Dalla semifinale del Roland Garros alla finale di Wimbledon. La sostanza non cambia. Quando a scontrarsi sono Novak Djokovic e Carlos Alcaraz, infatti, il mondo del tennis inevitabilmente si ferma. Il Centre Court dell’All England Lawn Tennis & Croquet Club di Londra (a partire dalle ore 15.00 italiane) si prepara ad essere teatro del terzo capitolo della rivalità tra il veterano serbo ed il giovane spagnolo. Fino ad oggi si sono scontrati soltanto sul rosso. Carlitos nel maggio dello scorso anno ha prevalso al tie-break decisivo nel penultimo atto del Masters 1000 di Madrid.
Nole si è rifatto poco più di un mese fa in quel di Parigi, dove ha disposto in quattro parziali di un avversario divorato dalla tensione e dai crampi a partire dalle battute iniziali del terzo. Se nella capitale francese quasi tutti davano per favorito l’allievo di Juan Carlos Ferrero, stavolta la situazione è ben diversa. Djokovic, infatti, non perde sul campo principale di Church Road da ben dieci anni. Vincendo agguanterebbe il suo ventiquattresimo Slam, alzerebbe al cielo l’ottavo Wimbledon (lo stesso numero di vittorie dello svizzero Roger Federer) e manterrebbe più che vivo il sogno di completare il Grande Slam a trentasei anni suonati.
Per non farsi mancare qualcosa si riprenderebbe anche il trono del ranking mondiale. Record e numeri decisamente troppo ghiotti per pensare che uno come lui possa lasciarseli sfuggire di mano. Eppure questa finale, nonostante penda in maniera considerevole dalla parte del serbo, sarà tutto meno che scontata. Alcaraz, infatti, si è presentato a Wimbledon da vincitore del Queen’s, dove ha ribadito a chiare lettere di aver smaltito in tempi rapidi la delusione per l’inaspettato esito della trasferta parigina. Anche lui, al pari di Nole, non è che si giochi proprio poco in questa sua terza finale a livello Slam.
Vincendo bisserebbe il successo ottenuto lo scorso anno agli US Open diventando il più giovane trionfatore nella storia dei Championships dopo il tedesco Boris Becker e lo svedese Bjorn Borg. I margini per poter credere al miracolo in realtà ci sono. Lo spagnolo, così come in Francia, ha mostrato un picco di gioco più elevato rispetto a Djokovic dando una rapida occhiata al loro percorso verso la finale. Matteo Berrettini, il danese Holger Rune e il russo Daniil Medvedev (non esattamente tennisti qualsiasi) sono stati uno dopo l’altro annientati da Alcaraz. Questo ha mostrato una volta per tutte come a vent’anni non presenti nel proprio arsenale sostanziali punti deboli.
Il serbo, invece, è stato leggermente più balbuziente.
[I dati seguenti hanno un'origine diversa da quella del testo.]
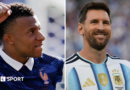 A split image of France striker Kylian Mbappe and Argentina's Lionel Messi celebrating scoring goals at the 2026 World Cup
Contro il polacco Hubert Hurkacz agli ottavi ha rischiato molto più di quanto non dica il punteggio. Nei quarti contro il russo Andrey Rublev ha lasciato per strada un primo set evitabile per i suoi standard. Pure la semifinale contro Jannik Sinner si è rivelata piuttosto bugiarda, con l’azzurro che si sarebbe meritato di restare in campo almeno un’oretta in più. Quello che conta, però, non è l’estetica ma la sostanza ed in questo Djokovic è forse il più grande di sempre. Un concentrato di fame e solidità, un giocatore impossibile da distogliere quando si fissa nella mente un obiettivo preciso.
Sicuramente un dato a vantaggio di Alcaraz c’è. Quest’ultimo, infatti, ha già sperimentato al Roland Garros cosa voglia dire condividere un campo così prestigioso con un avversario della portata di Nole. Difficile pensare che si palesino nuovamente crampi o tensioni stavolta per lo spagnolo, chiamato all’impresa di una vita in un palcoscenico di cui il proprio avversario riconosce alla perfezione ogni ciuffo d’erba. Come al solito, tuttavia, la curiosità è davvero tanta. Una rivalità a suo modo epica, in cui una vittoria dell’uno o dell’altro contribuirebbe a scrivere una pagina ad ogni modo indelebile di storia del tennis.